BEGIN Records for this task

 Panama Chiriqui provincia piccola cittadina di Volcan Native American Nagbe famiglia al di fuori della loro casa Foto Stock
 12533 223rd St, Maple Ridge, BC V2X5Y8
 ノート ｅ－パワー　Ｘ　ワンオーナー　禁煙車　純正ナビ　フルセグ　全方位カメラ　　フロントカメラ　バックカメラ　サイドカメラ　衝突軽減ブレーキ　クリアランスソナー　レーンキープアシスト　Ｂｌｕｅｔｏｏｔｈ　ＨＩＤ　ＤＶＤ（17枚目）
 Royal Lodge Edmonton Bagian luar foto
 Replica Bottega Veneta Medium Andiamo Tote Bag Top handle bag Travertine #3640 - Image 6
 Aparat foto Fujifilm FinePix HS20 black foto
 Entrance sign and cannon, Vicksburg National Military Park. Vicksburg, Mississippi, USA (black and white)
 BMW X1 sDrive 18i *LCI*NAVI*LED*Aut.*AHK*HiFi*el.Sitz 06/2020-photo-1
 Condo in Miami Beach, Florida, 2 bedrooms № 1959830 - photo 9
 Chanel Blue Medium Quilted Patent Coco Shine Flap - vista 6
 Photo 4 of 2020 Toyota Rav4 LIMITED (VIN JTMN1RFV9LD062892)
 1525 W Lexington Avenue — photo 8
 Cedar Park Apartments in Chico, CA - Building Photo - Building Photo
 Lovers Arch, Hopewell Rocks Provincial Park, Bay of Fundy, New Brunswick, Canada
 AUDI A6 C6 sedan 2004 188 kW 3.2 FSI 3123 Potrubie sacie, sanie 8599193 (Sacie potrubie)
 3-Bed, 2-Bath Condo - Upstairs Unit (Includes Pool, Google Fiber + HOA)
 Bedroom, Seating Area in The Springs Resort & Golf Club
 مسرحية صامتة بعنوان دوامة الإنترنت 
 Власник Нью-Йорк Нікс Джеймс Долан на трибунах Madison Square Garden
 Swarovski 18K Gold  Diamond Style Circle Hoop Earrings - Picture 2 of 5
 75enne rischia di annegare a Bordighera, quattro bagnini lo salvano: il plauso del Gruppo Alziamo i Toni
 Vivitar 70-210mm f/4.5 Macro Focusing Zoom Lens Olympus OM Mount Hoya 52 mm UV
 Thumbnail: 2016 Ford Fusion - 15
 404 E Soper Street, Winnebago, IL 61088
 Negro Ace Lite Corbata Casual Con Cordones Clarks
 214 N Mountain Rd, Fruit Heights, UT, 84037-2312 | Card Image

END Records for this task

> _What needs to be done_: Restate the records above word for word, omitting nothing.

> _Task output_:
 Panama Chiriqui provincia piccola cittadina di Volcan Native American Nagbe famiglia al di fuori della loro casa Foto Stock
 12533 223rd St, Maple Ridge, BC V2X5Y8
 ノート ｅ－パワー　Ｘ　ワンオーナー　禁煙車　純正ナビ　フルセグ　全方位カメラ　　フロントカメラ　バックカメラ　サイドカメラ　衝突軽減ブレーキ　クリアランスソナー　レーンキープアシスト　Ｂｌｕｅｔｏｏｔｈ　ＨＩＤ　ＤＶＤ（17枚目）
 Royal Lodge Edmonton Bagian luar foto
 Replica Bottega Veneta Medium Andiamo Tote Bag Top handle bag Travertine #3640 - Image 6
 Aparat foto Fujifilm FinePix HS20 black foto
 Entrance sign and cannon, Vicksburg National Military Park. Vicksburg, Mississippi, USA (black and white)
 BMW X1 sDrive 18i *LCI*NAVI*LED*Aut.*AHK*HiFi*el.Sitz 06/2020-photo-1
 Condo in Miami Beach, Florida, 2 bedrooms № 1959830 - photo 9
 Chanel Blue Medium Quilted Patent Coco Shine Flap - vista 6
 Photo 4 of 2020 Toyota Rav4 LIMITED (VIN JTMN1RFV9LD062892)
 1525 W Lexington Avenue — photo 8
 Cedar Park Apartments in Chico, CA - Building Photo - Building Photo
 Lovers Arch, Hopewell Rocks Provincial Park, Bay of Fundy, New Brunswick, Canada
 AUDI A6 C6 sedan 2004 188 kW 3.2 FSI 3123 Potrubie sacie, sanie 8599193 (Sacie potrubie)
 3-Bed, 2-Bath Condo - Upstairs Unit (Includes Pool, Google Fiber + HOA)
 Bedroom, Seating Area in The Springs Resort & Golf Club
 مسرحية صامتة بعنوان دوامة الإنترنت 
 Власник Нью-Йорк Нікс Джеймс Долан на трибунах Madison Square Garden
 Swarovski 18K Gold  Diamond Style Circle Hoop Earrings - Picture 2 of 5
 75enne rischia di annegare a Bordighera, quattro bagnini lo salvano: il plauso del Gruppo Alziamo i Toni
 Vivitar 70-210mm f/4.5 Macro Focusing Zoom Lens Olympus OM Mount Hoya 52 mm UV
 Thumbnail: 2016 Ford Fusion - 15
 404 E Soper Street, Winnebago, IL 61088
 Negro Ace Lite Corbata Casual Con Cordones Clarks
 214 N Mountain Rd, Fruit Heights, UT, 84037-2312 | Card Image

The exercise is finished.